IFN-γ 是一种神秘的细胞因子,具有直接的抗病毒作用,上调 MHC-II 和其他与抗原呈递相关的成分,并调节复杂细胞因子反应的组成和平衡。它由先天和适应性免疫细胞在免疫反应中产生,可严重影响传染病、自身免疫和癌症的病程和结果。为了选择性地分析先天免疫细胞衍生的 IFN-γ 的功能,我们生成了条件性 IFN-γOFF 小鼠,其中内源性 IFN-γ 表达被插入 IFN-γ 基因第一内含子中的侧翼基因陷阱盒破坏。IFN-γOFF 小鼠与 Ncr1-Cre 或 CD4-Cre 小鼠杂交,Ncr1-Cre 小鼠主要在 NK 细胞(IFN-γNcr1-ON 小鼠)或 T 细胞(IFN-γCD4-ON 小鼠)中表达 Cre。
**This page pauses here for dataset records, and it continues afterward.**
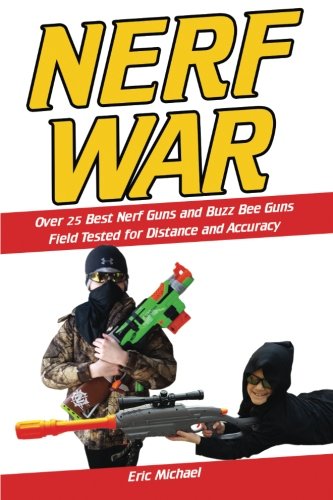 Nerf War: Over 25 Best Nerf Blasters Field Tested for Distance and Accuracy, Nerf Gun Safety, Setting Up Nerf Wars, Nerf Mods and Buying Nerf Blasters for Cheap (Nerf Blaster Guide Book 1)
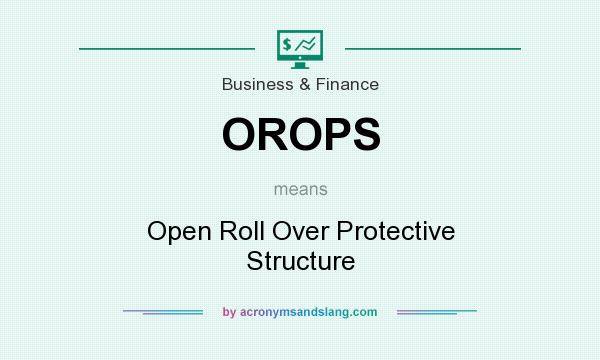 What does OROPS mean? It stands for Open Roll Over Protective Structure
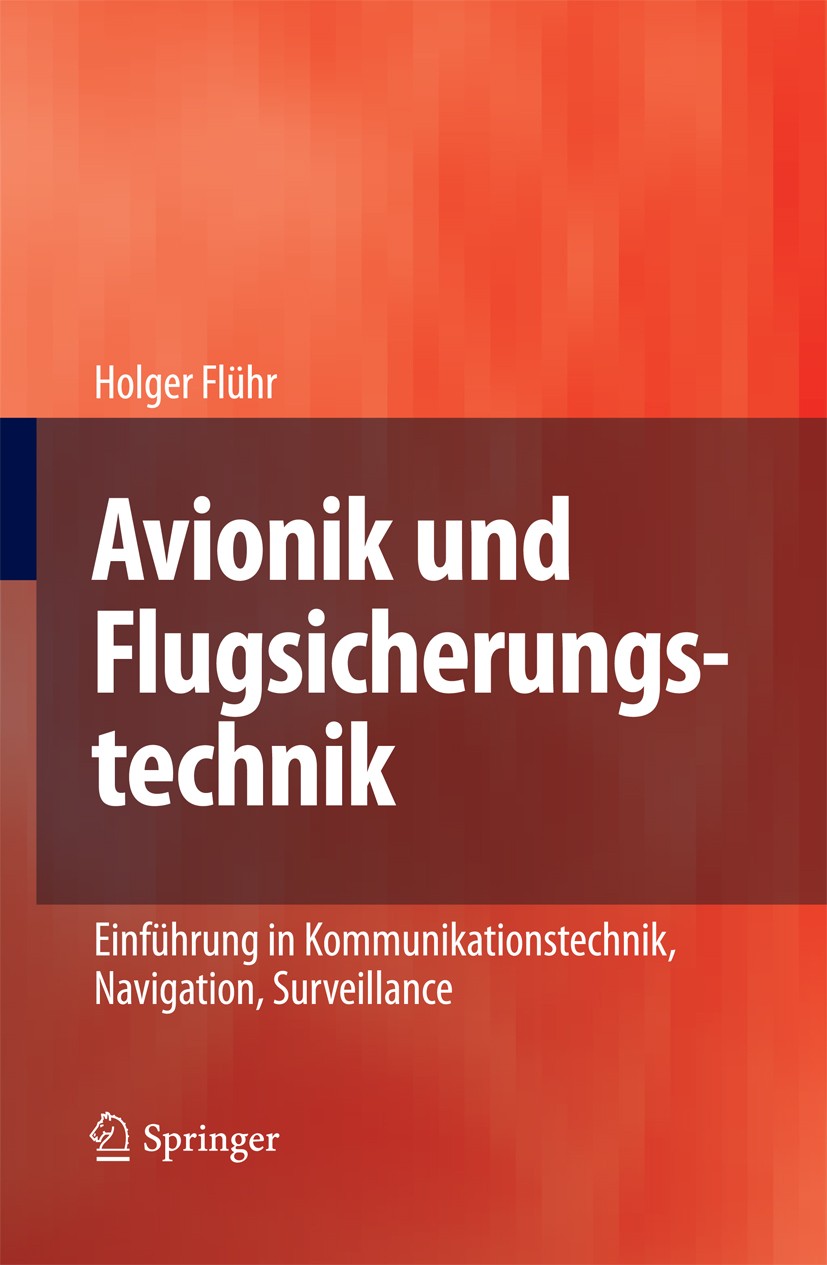 Titlebook: Avionik und Flugsicherungstechnik; Einführung in Kommun Holger Flühr Book 20101st edition Springer-Verlag Berlin Heidelberg 2010 Avionik.CN Titlebook: Avionik und Flugsicherungstechnik; Einführung in Kommun Holger Flühr Book 20101st edition Springer-Verlag Berlin Heidelberg 2010 Avionik.CN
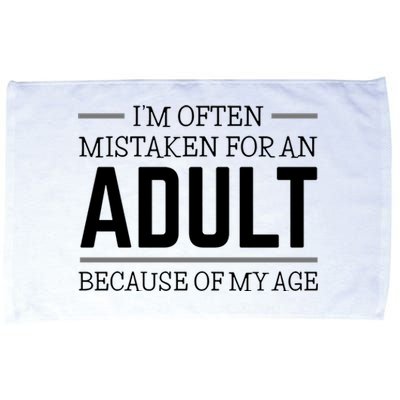 Im Often Mistaken For An Adult Because Of My Age Funny Birthday Gift Microfiber Hand Towel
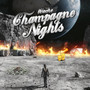 Champagne Nights (Explicit)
与 Ncr1-Cre 小鼠杂交的 Rosa26RFP 报告小鼠显示超过 80%的 NK 细胞中选择性表达 RFP,而与 CD4-Cre 小鼠杂交则在 T 细胞中检测到丰富的 RFP 表达,但在其他免疫细胞亚群中也有少量表达。先前的研究表明,IFN-γ 的表达对于促进牛痘病毒(VACV)感染的存活是必需的。有趣的是,在野生型和 IFN-γCD4-ON 小鼠的 VACV 感染期间,诱导了两波血清 IFN-γ,其峰值分别在感染后第 1 天和第 3/4 天。同样,VACV 感染 IFN-γNcr1-ON 小鼠也产生了两波 IFN-γ 反应,与 WT 小鼠相比,第一波适度降低,第二波显著降低。此外,IFN-γNcr1-ON 以及 IFN-γCD4-ON 小鼠在 VACV 感染后存活,而 IFN-γOFF 小鼠则不能。正如预期的那样,从 VACV 感染的 IFN-γNcr1-ON 小鼠衍生的脾细胞的体外分析显示 NK 细胞中存在 IFN-γ 表达,但 T 细胞中不存在 IFN-γ 表达,而 IFN-γOFF 小鼠既不在 NK 细胞中也不在 T 细胞中表达 IFN-γ。VACV 感染的 IFN-γNcr1-ON 小鼠产生正常的细胞因子反应,恢复中性粒细胞聚集,并显示血液和脾脏中正常的髓样细胞分布。此外,在这些小鼠中,外周巨噬细胞上检测到正常的 MHC-II 表达,而 IFN-γOFF 小鼠则没有。总之,在 VACV 感染时,包括 NK 细胞在内的 Ncr1 阳性细胞会产生两波早期 IFN-γ 反应,足以促进保护性抗病毒免疫的诱导。